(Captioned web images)
*** Begin section ***

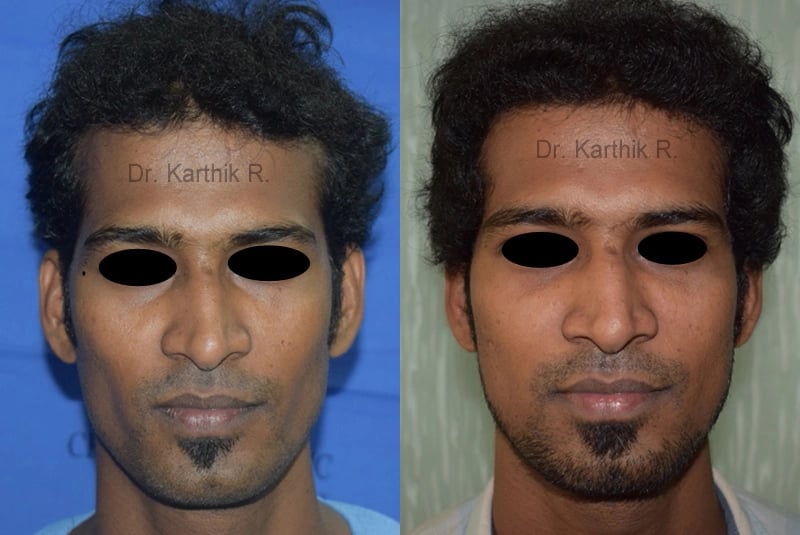 fat graft fat fill fat transfer before and after photo by chennai plastic surgery
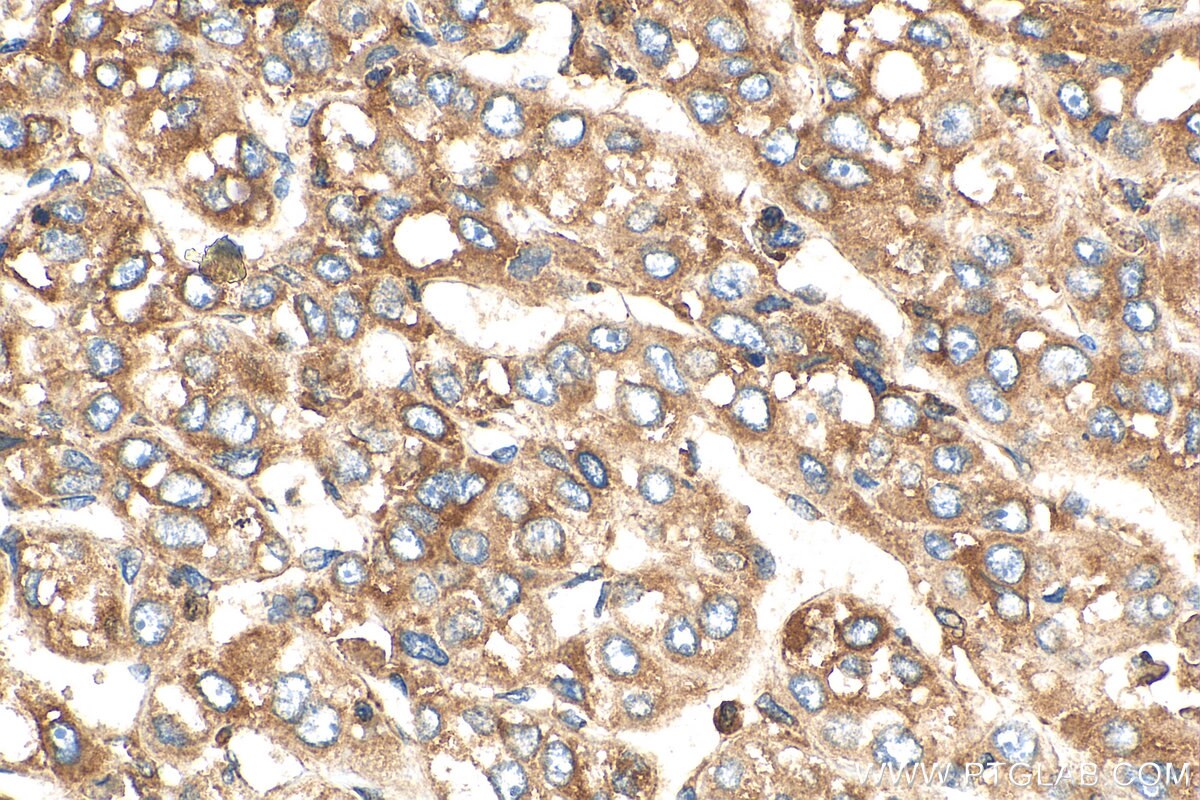 Immunohistochemistry (IHC) staining of human liver cancer tissue using Cyclophilin B Polyclonal antibody (11607-1-AP)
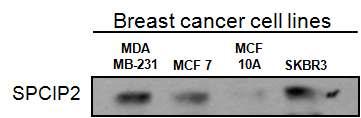 유방암세포주에서의 SPCIP2의 발현 정도 확인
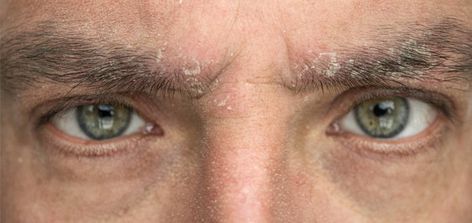 Eyebrow dandruff is flaky skin that sheds from the eyebrows. There are several possible culprits, which we detail in this article. Eyebrow Dandruff, Dandruff Flakes, Aloe Vera Benefits, Flaking Skin, Dry Flaky Skin, Scaly Skin, Inflammation Causes, Skin Disorders, Flaky Skin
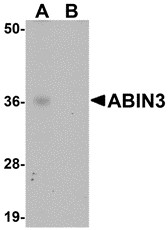 AP30005PU-N - TNIP3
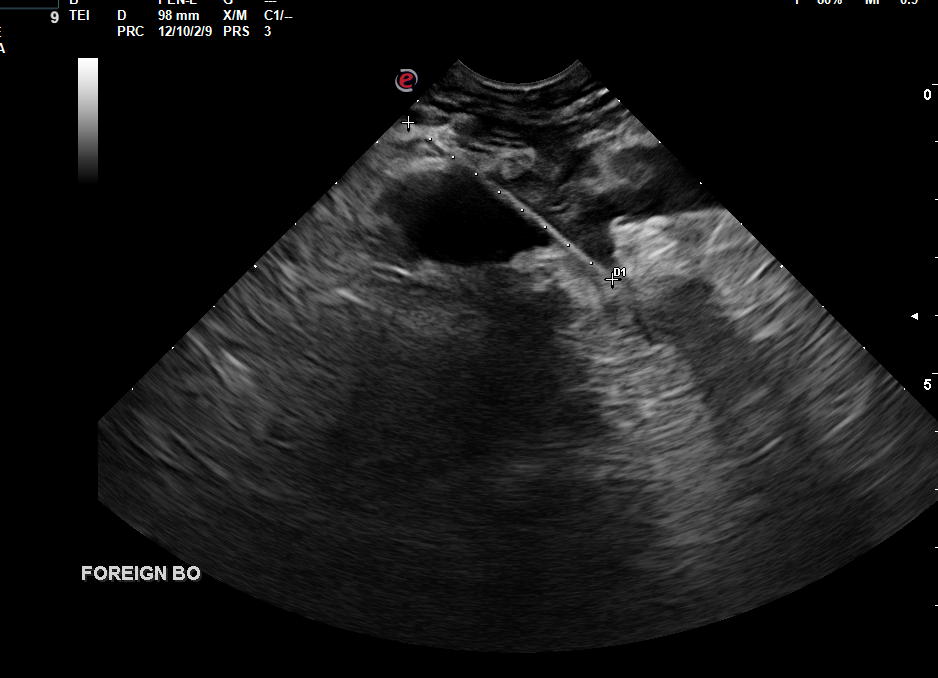 July's Case of the Month - 2023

*** End section ***

PROBLEM TO WORK ON: With the pictures set aside, repeat every entry above exactly.

SOLUTION TO THIS TASK:
 fat graft fat fill fat transfer before and after photo by chennai plastic surgery
 Immunohistochemistry (IHC) staining of human liver cancer tissue using Cyclophilin B Polyclonal antibody (11607-1-AP)
 유방암세포주에서의 SPCIP2의 발현 정도 확인
 Eyebrow dandruff is flaky skin that sheds from the eyebrows. There are several possible culprits, which we detail in this article. Eyebrow Dandruff, Dandruff Flakes, Aloe Vera Benefits, Flaking Skin, Dry Flaky Skin, Scaly Skin, Inflammation Causes, Skin Disorders, Flaky Skin
 AP30005PU-N - TNIP3
 July's Case of the Month - 2023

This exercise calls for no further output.